Congressional Caucus Speakers Leverage Personal Approach: Onsite Coverage
WASHINGTON – Speakers at Tuesday’s NAFCU Congressional Caucus provided an intimate exchange with attendees, speaking off the cuff, answering questions from the audience and even leaving the podium to speak from the Mayflower Hotel ballroom floor.
The agenda featured members of the House Financial Services Committee, including the committee’s chairman, Rep. Jeb Hensarling, (R-Texas), along with Rep. Robert Hurt (R-Va.) and Rep. Michael Grimm (R-N.Y.).
Hensarling spent the bulk of his speaking time promoting the PATH Act, a bill introduced by House GOP leaders that would wind down Fannie Mae and Freddie Mac and replace them with a mostly privatized secondary mortgage market.
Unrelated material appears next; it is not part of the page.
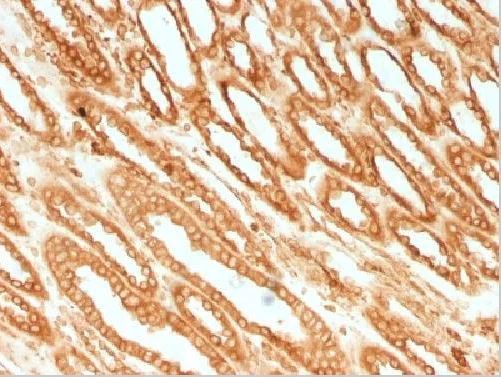 Immunohistochemistry (Formalin/PFA-fixed paraffin-embedded sections) - Anti-Calnexin antibody [CANX/1541] - BSA and Azide free (AB269752)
He pressed that housing finance reform is critical to breaking the cycle of boom, bust and bailout.
Interestingly, Hensarling cautioned his audience about asking members of Congress for regulatory relief and to also sustain a permanent government subsidy, which he said would be a challenge for many.
Oversight of the Consumer Financial Protection Bureau was also a topic Hensarling covered, timely as CFPB Director Richard Cordray will present the bureau’s semi-annual report to the House Thursday before Hensarling’s committee. In April, the chairman refused to allow Cordray to testify before the committee pending his confirmation.
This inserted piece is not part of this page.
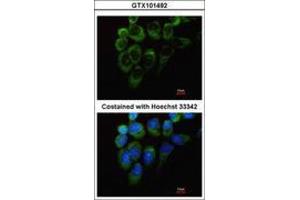 Image no. 2 for anti-Tyrosyl-tRNA Synthetase (Yars) (AA 357-520) antibody (ABIN467437) (YARS antibody  (AA 357-520))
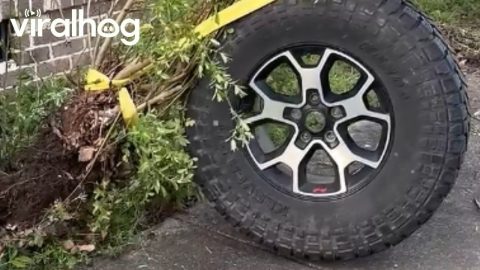 Using a Winch to Pull Bushes || ViralHog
While Hensarling acknowledged that Cordray has a good reputation, he also said he has too much power, and the GOP leader said his committee will continue to conduct hearings that increase the bureau’s accountability.
Hurt delivered a speech that covered Dodd-Frank regulatory burdens and GSE reform, and took questions from the audience, including one from Ed Templeton, NAFCU board member and president/CEO of the $670 million SRP Federal Credit Union of North Augusta, S.C.
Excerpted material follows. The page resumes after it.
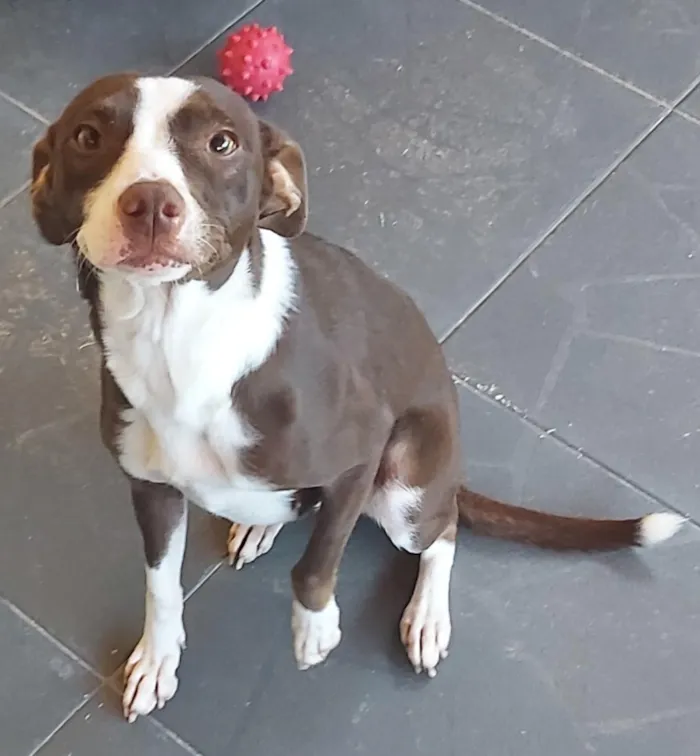 Cachorro raça SRD-ViraLata idade 1 ano nome Zara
In response to Templeton’s question about what will happen to the pricing of mortgages if the government guarantee is eliminated, Hurt acknowledged that some experts have said lenders will charge borrowers additional points to cover risk. However, he added that others have declared the move a wash, saying efficiency and underwriting would improve.
“You cannot underestimate the innovation—we see it every day—that takes place in a free market,” he said.
Hurt also told Templeton the PATH Act explicitly protects secondary market access to lenders of all size.
Sen. Tim Scott (R-S.C.) entertained the crowd with impromptu humor and a personal story about a life lesson he learned over the Labor Day weekend from his 93-year-old grandfather. Scott, who served on a credit union board for seven years, said he would protect the credit union tax exemption and vote in support of raising the member business lending cap.
In response to an audience question asking the best way for credit union executives to influence legislators, Scott said he prefers face-to-face visits.
“If you take the time to hand write a letter, I want to see it,” he said.
He also cautioned that Congress could put off passing legislation until the end of the year, and combine several issues into one large bill, using the Holidays as pressure to push it through.
NCUA Board Member Michael Fryzel in his speech challenged credit unions to increase membership in the U.S. to 200 million, more than double the current number. He cautioned that the effort would vision, investment and inconvenience.
“It will take more than walking the halls of Congress,” Fryzel said. “It will require pressing lawmakers to work with us and getting the legislation we need written and passed. It will take work in the communities you serve with your own board and employees. The financial crisis has mainly passed. The healing has begun. But important work remains.”
Specifically, Fryzel voiced his support of raising the member business lending cap and allowing credit unions to raise supplemental capital.